I don’t think I can do it anymore Miss Lonely Hearts, but I also can’t stand the thought of losing them or them being with someone else. Please what should I do?

Sincerely,

Alone not Abroad

 

Dear Alone not Abroad,

Being a continent and an ocean away from a significant other will never, ever be easy, no matter how solid the relationship. With that in mind, I don’t think you should blame these feelings or this situation on not having a solid foundation built before your SO jetted across the world. Long distance relationships require a lot of effort, so both you and your partner have to decide if you’re willing to invest the time and energy to make it work.

On the bright side, it sounds like you’re already on the right path with weekly Skype dates. You obviously have to stay in touch, but also have to allow each other to live your lives. Texting constantly will take away from your studies at Reed and will distract your SO from their wonderful, international experience. Skype, then, is the perfect solution. It sucks being hours apart in time difference, but taking turns in who stays up late might help the situation—that way it’s not just you resenting your partner for taking away your precious sleep.

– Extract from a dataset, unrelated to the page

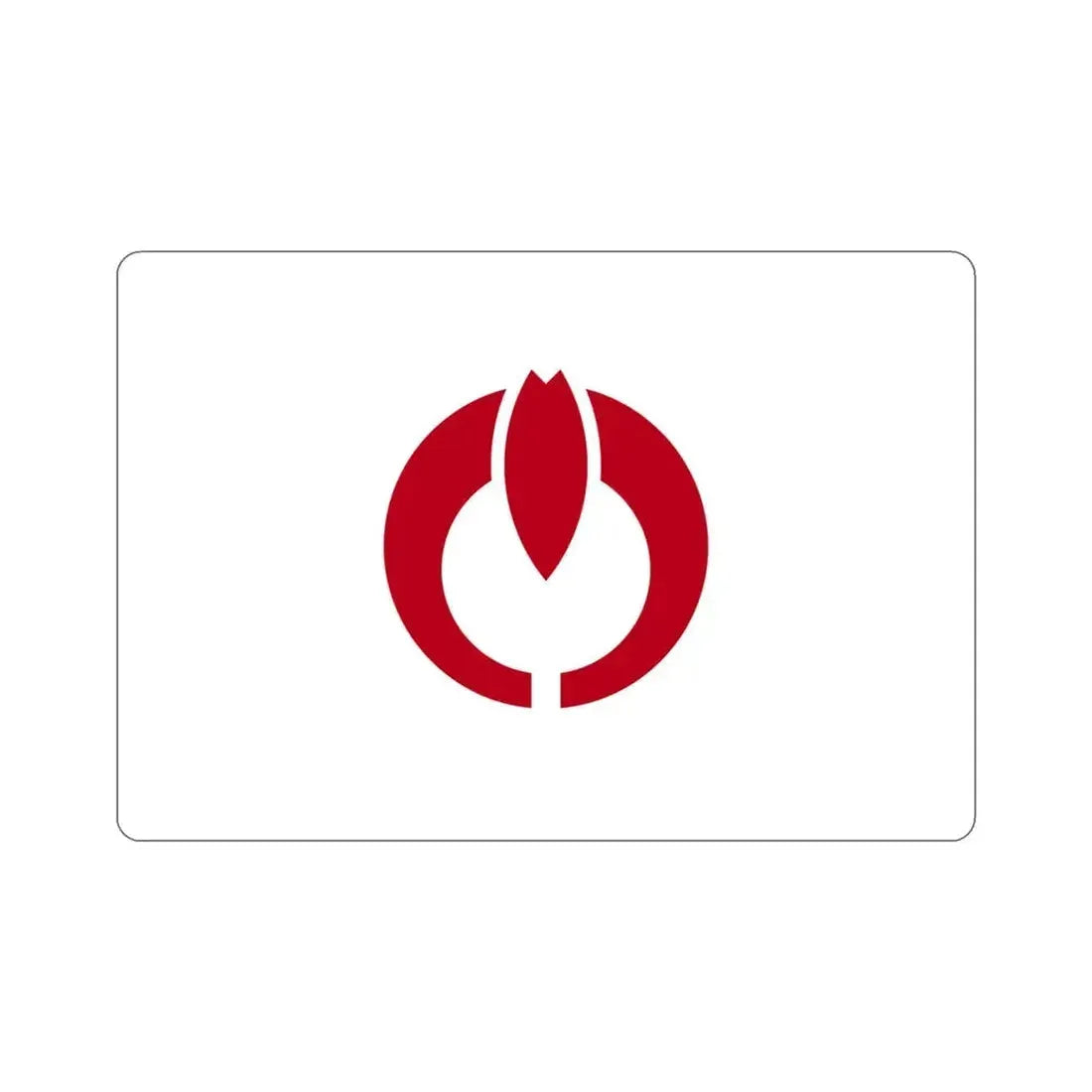 Flag of Koganei Tokyo Japan STICKER Vinyl Die-Cut Decal 4 Inch - The Sticker Space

As far as your studies, take time to reflect on why the absence of your SO is taking away your focus. Are you constantly thinking about last semester, wishing they were still at Reed? Or are you thinking about what they’re doing without you? It’s totally understandable for you to feel lonely, or even a little bit abandoned, but in order to make your relationship work, you can’t fixate on their every movement. While spending 24/7 at Reed might’ve made for the perfect relationship last year, learning to spend time apart and still appreciate and love each other will make you even stronger. After all, nothing grows when it’s being smothered. It sounds like you two already have a strong system of trust, and you just have to pretend that it’s all the same, even a world away. If you know that your relationship is something special that can survive this drought, don’t leaf them.

That being said, if you don’t see an end to the misery and can’t figure out how to make it work, it’s not irresponsible to take a break as long as you’re both on the same page. Many long distance relationships have started out as “breaks” or open relationships and have ended in heartbreak because one person wasn’t fully on board. And you shouldn’t put your feelings completely aside for your partner. Even though they might not be settled in their new city, taking a break might actually be the best thing for their semester as well.

While you might be going through a rocky patch in your relationship, if you’re able to make it through your SO’s semester abroad, I think your relationship will ultimately blossom. Think of your SO as a Canyon cat: it might disappear into the brush for a semester, but it will ultimately come back to you.